Comment by claytongulick
2 years ago
> Because real markets are not as simple as the toy ones of price theory in economics classrooms.
If the experts in academia who spend their lives studying this stuff are so off the mark, how is it that you have more knowledge of how things "really" work?
Where did you learn the things that drive these strong opinions?
Do you believe that economics theories ignore the market forces that you're discussing?
That fundamentals like supply, demand and consumer behavior are less relevant than "cartel behavior"?
I guess I'd just like to understand what you're basing all this on.
Oh I'm not claiming that, I have a lot of respect for professional economists. What I mean is that most people's understanding of economics is very superficial and limited to toy models, in part because a few populist/pundit 'celebrity economists' oversimplify the topic to make easy money.
I'm reasonably sure that academic economics theories are an attempt to drive, to dictate how "things really work"
because that's what academia does and they know it.
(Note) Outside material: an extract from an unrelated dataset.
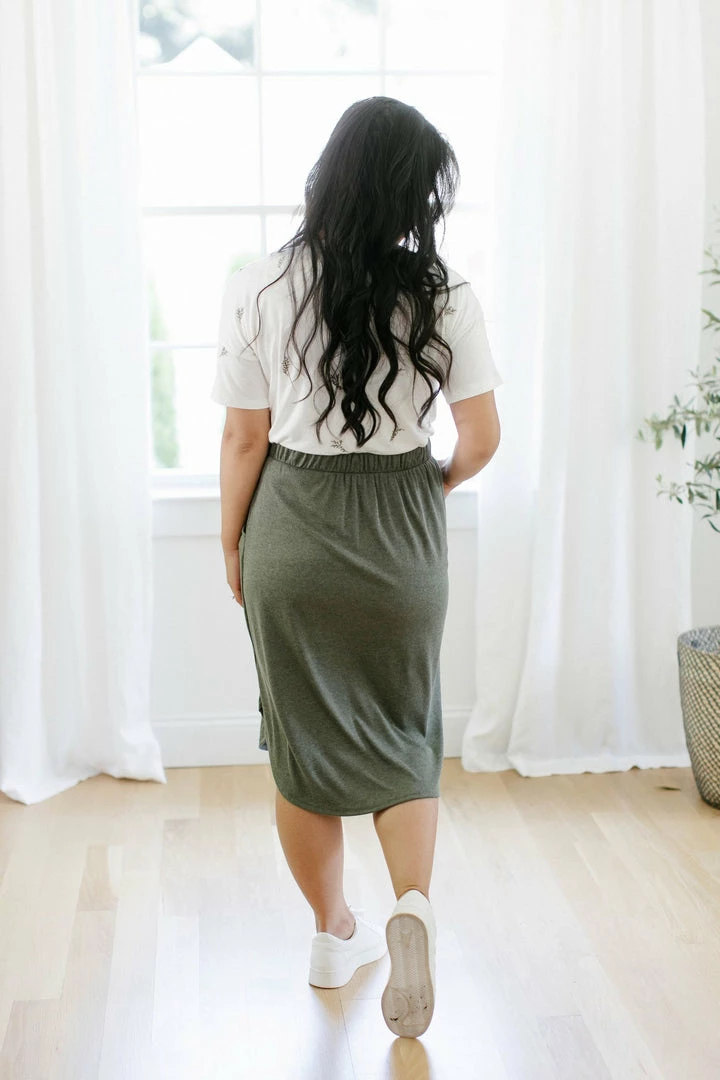 Chris & Carol 'Juno' Ribbed Knit Skirt In Olive 5 Chris & Carol 'Juno' Ribbed Knit Skirt In Olive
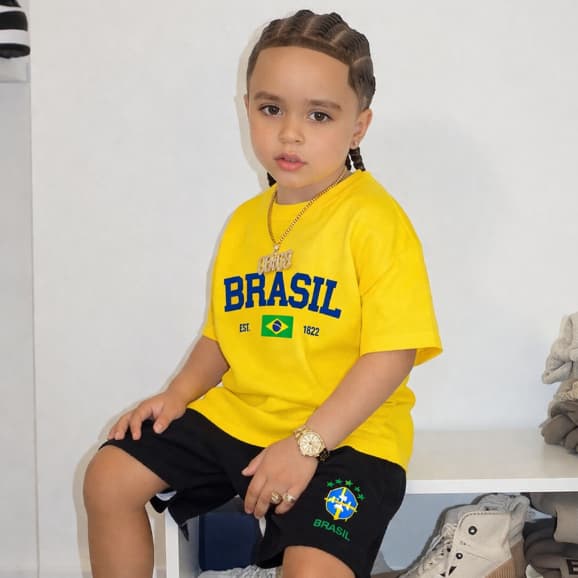 Conjunto Brasil Infantil Camisa E Short Seleção Brasileira Copa Menino Menina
Academics talk about how to impact the 'next generations' of leaders all the time
economics are no different. e.g. today somebody studies economics and learn some theory about how stuff "really works", in 5-10 years they're a congressperson or some other high-ranking executive deciding what to do based on the theories they learned
so academics being off the mark means this plan as I very roughly outlined failed. reality asserts itself in spite of the wishes of a few corporate overlords
Until you get into grad school basically everything you learn is so simplified that it's functionally a lie. Pointing out that drawing a big X on a blackboard with the intersection labeled price is not actually how the world works is not setting yourself above economists.
I mean christ, if that was all there was to it what the hell are those experts doing spending their whole lives studying this stuff?